- **Task prompt**: Your copy begins at the line with "Lucas Ramon em" and runs through the end of the data below. Set down only those lines exactly, without pictures.

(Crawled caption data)
________________________________________

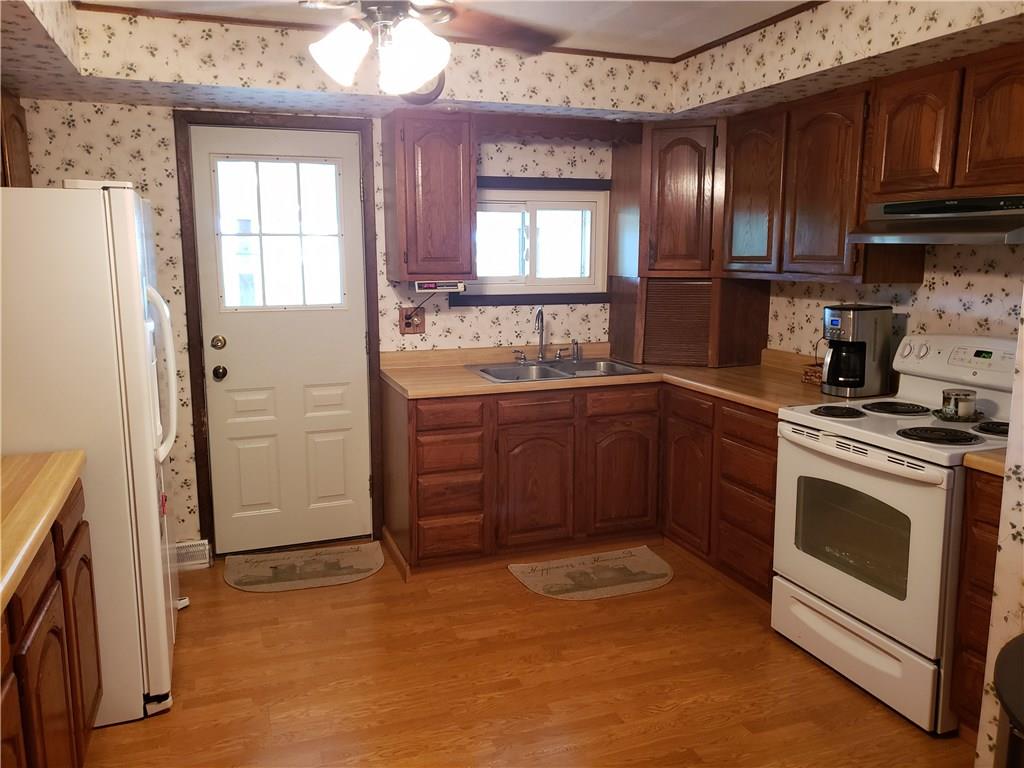 241 Vankirk Ridge Road Washington, PA 15301 - Photo 5 of 23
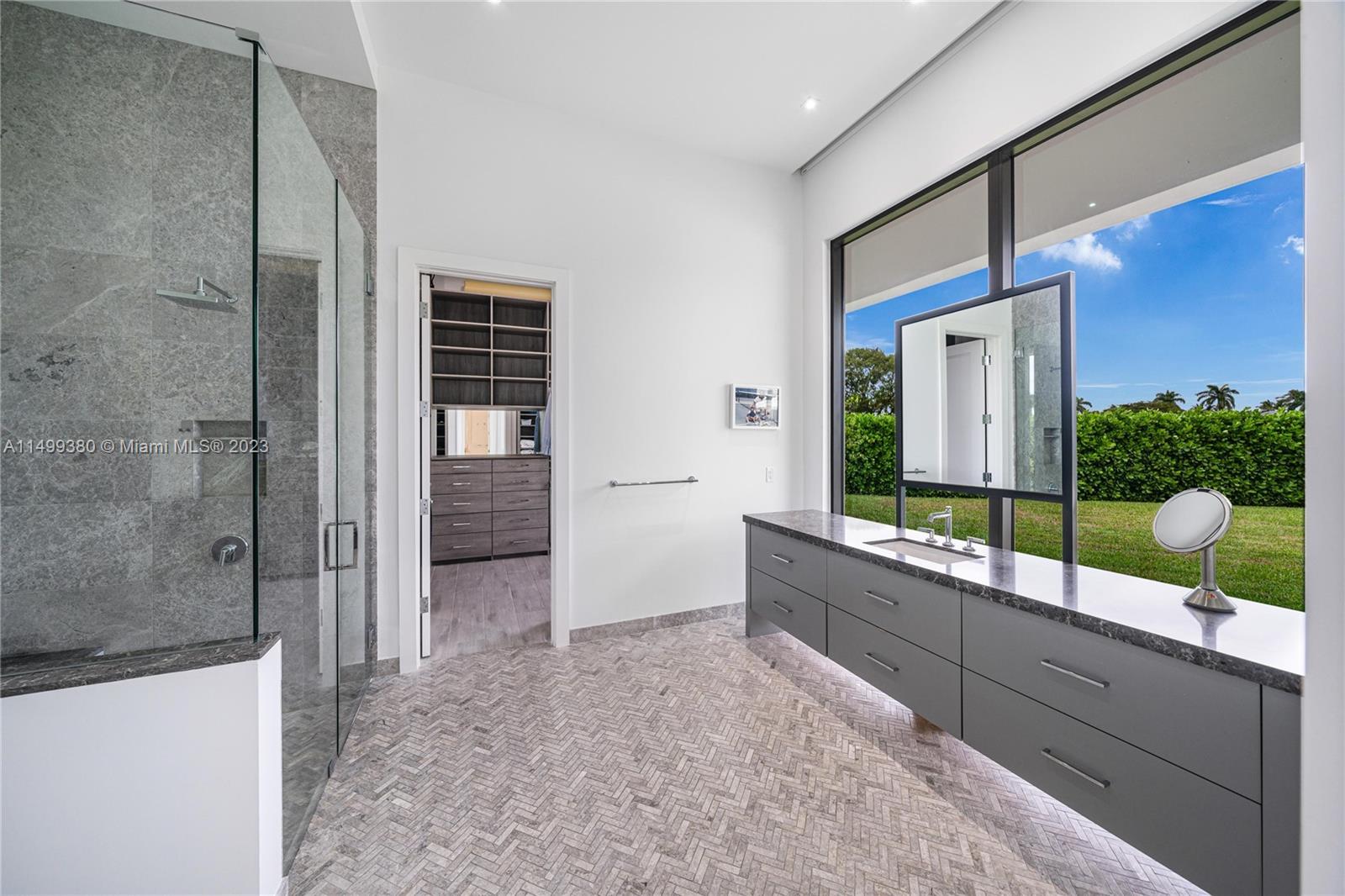 ST ANDREWS COUNTRY CLUB 5 - Residential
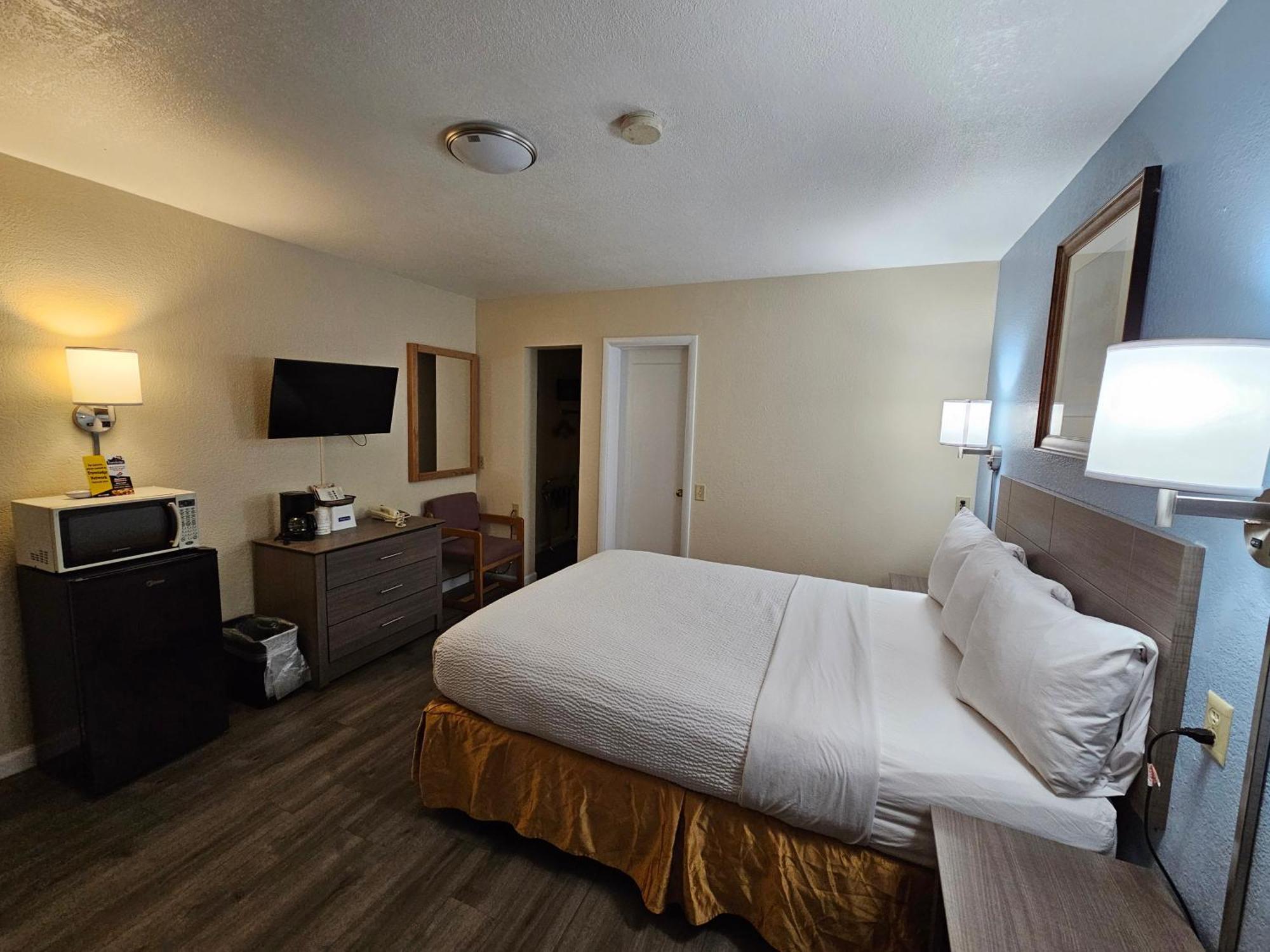 Travelodge By Wyndham Wenatchee Exterior photo
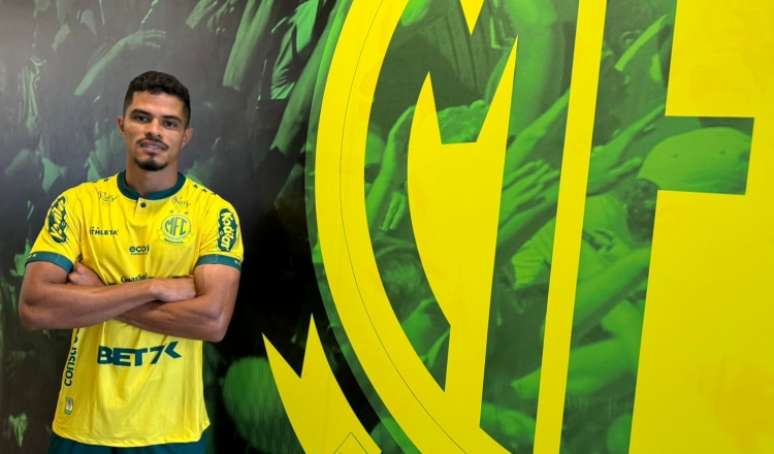 Lucas Ramon em sua apresenta&ccedil;&atilde;o no Mirassol 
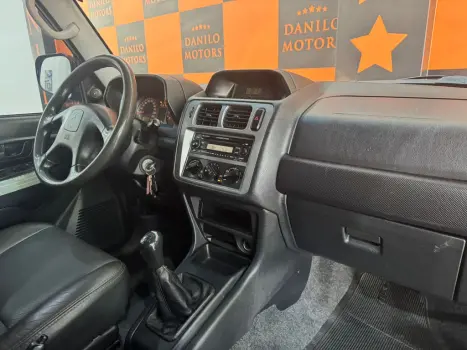 MITSUBISHI Pajero TR4 2.0 16V 4P 4X4 FLEX, Foto 6 MITSUBISHI Pajero TR4 2.0 16V 4P 4X4 FLEX, Foto 6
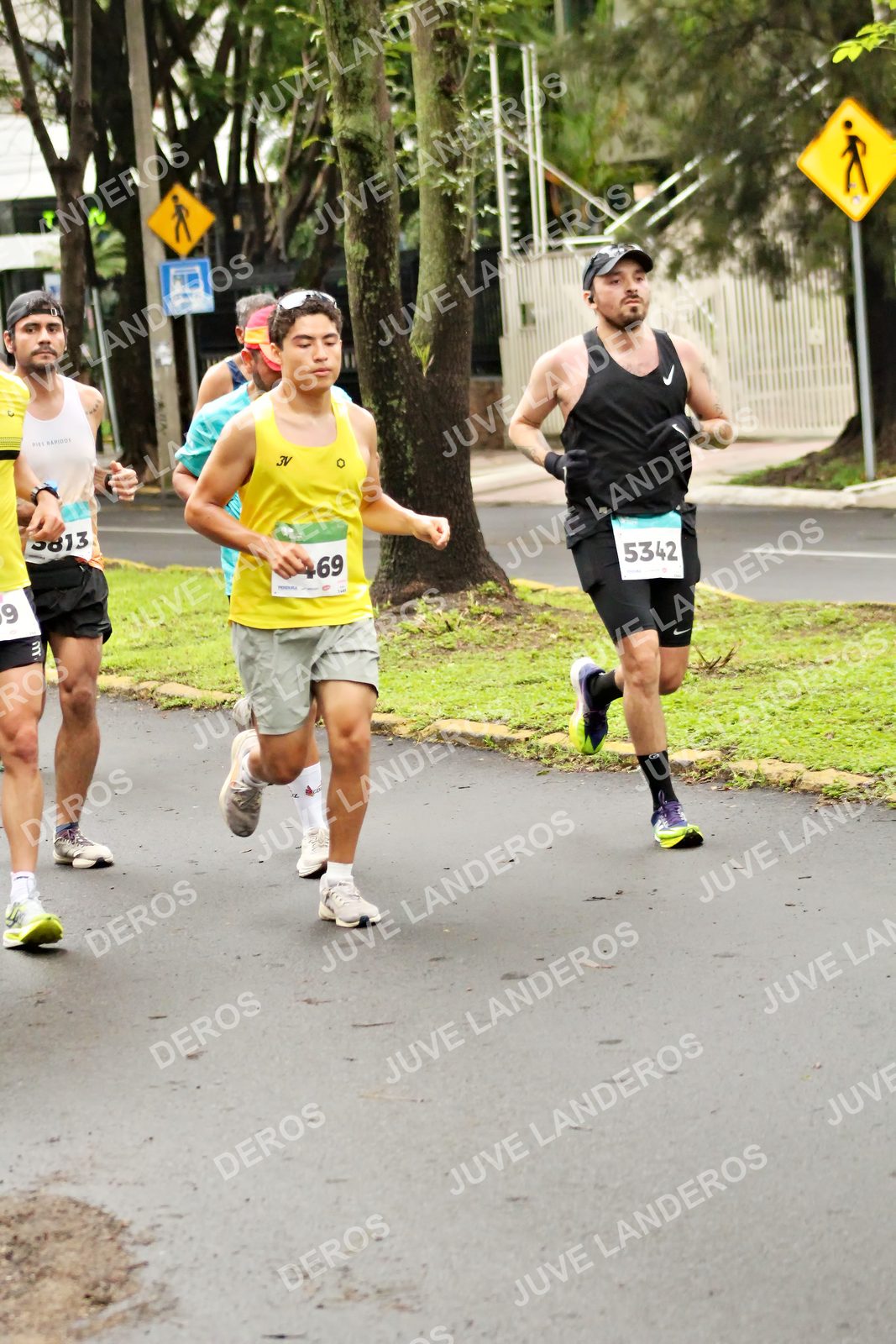 Foto del MEDIO MARATÓN ATLAS en Av. Patria, frente al Parque El Polvorín, Zapopan a las 08:20 · dorsal 5342, 5813, 9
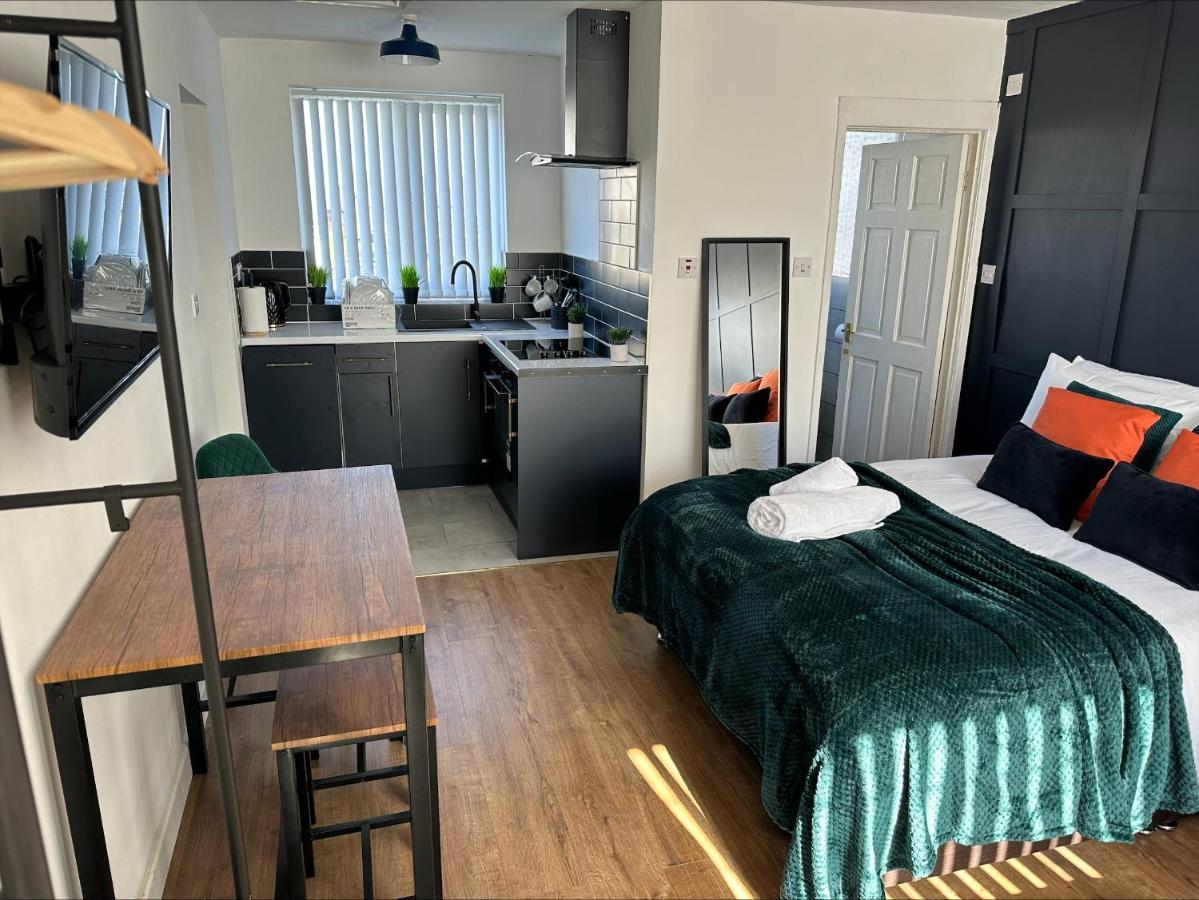 Studio Annexe By Papermill, Deeside - En-Suite, Heswall Kültér fotó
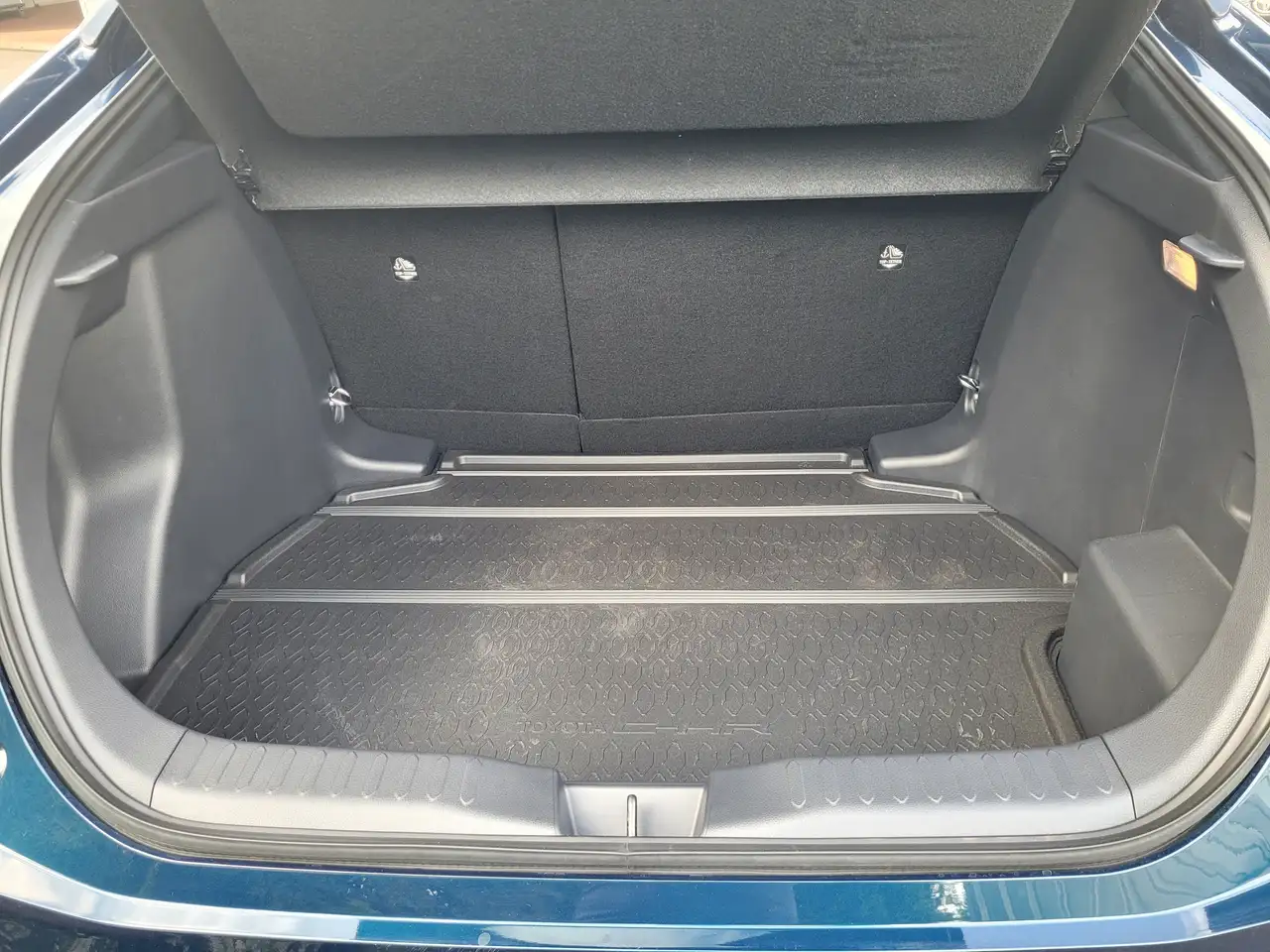 Toyota C-HR Hybrid Team D. Navi/Sitzhzg./SmartKey/AndroidA — معرض صور السيارة 12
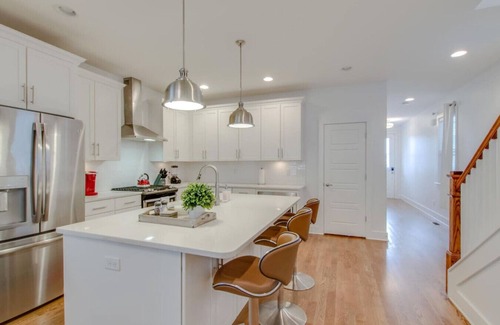 The Nations House | Nashville Charmer - The Nations - Big Luxury Home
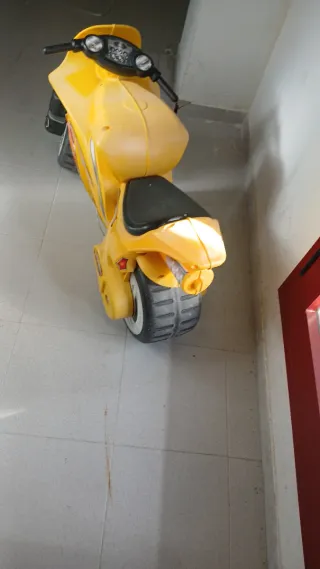 Moto de juguete infantil amarilla NEGOCIANLE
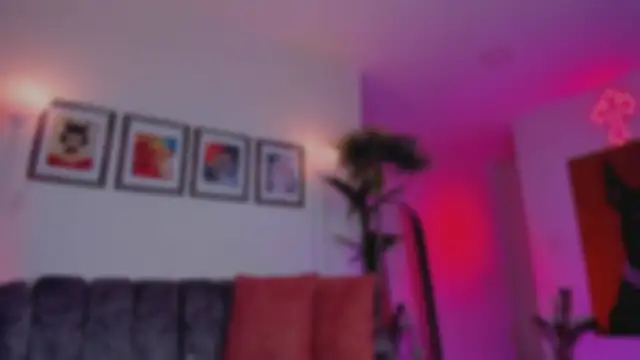 Taylor  foxxx online show from November 2025 06:07:02 AM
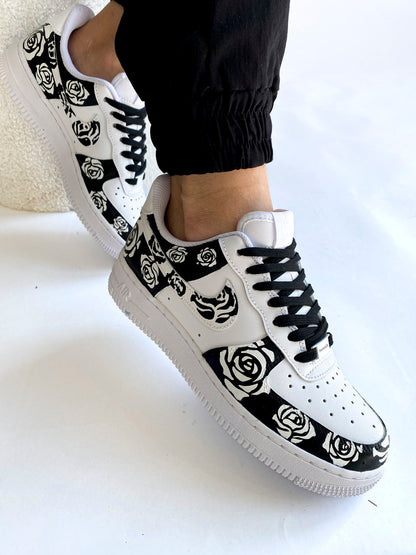 Sneakers Air Force 1 black and white
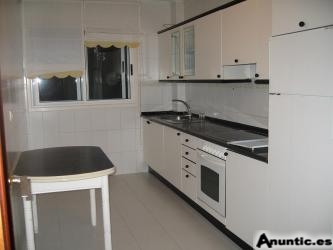 PISO EN URB. RIALTA-ARILLO,3DORM.,125.000�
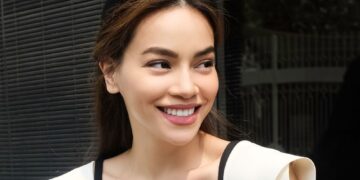 Hồ Ngọc Hà hát nhạc thập niên 2000 tại Love Songs Đà Nẵng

________________________________________

- **Output**:
 Lucas Ramon em sua apresenta&ccedil;&atilde;o no Mirassol 
 MITSUBISHI Pajero TR4 2.0 16V 4P 4X4 FLEX, Foto 6 MITSUBISHI Pajero TR4 2.0 16V 4P 4X4 FLEX, Foto 6
 Foto del MEDIO MARATÓN ATLAS en Av. Patria, frente al Parque El Polvorín, Zapopan a las 08:20 · dorsal 5342, 5813, 9
 Studio Annexe By Papermill, Deeside - En-Suite, Heswall Kültér fotó
 Toyota C-HR Hybrid Team D. Navi/Sitzhzg./SmartKey/AndroidA — معرض صور السيارة 12
 The Nations House | Nashville Charmer - The Nations - Big Luxury Home
 Moto de juguete infantil amarilla NEGOCIANLE
 Taylor  foxxx online show from November 2025 06:07:02 AM
 Sneakers Air Force 1 black and white
 PISO EN URB. RIALTA-ARILLO,3DORM.,125.000�
 Hồ Ngọc Hà hát nhạc thập niên 2000 tại Love Songs Đà Nẵng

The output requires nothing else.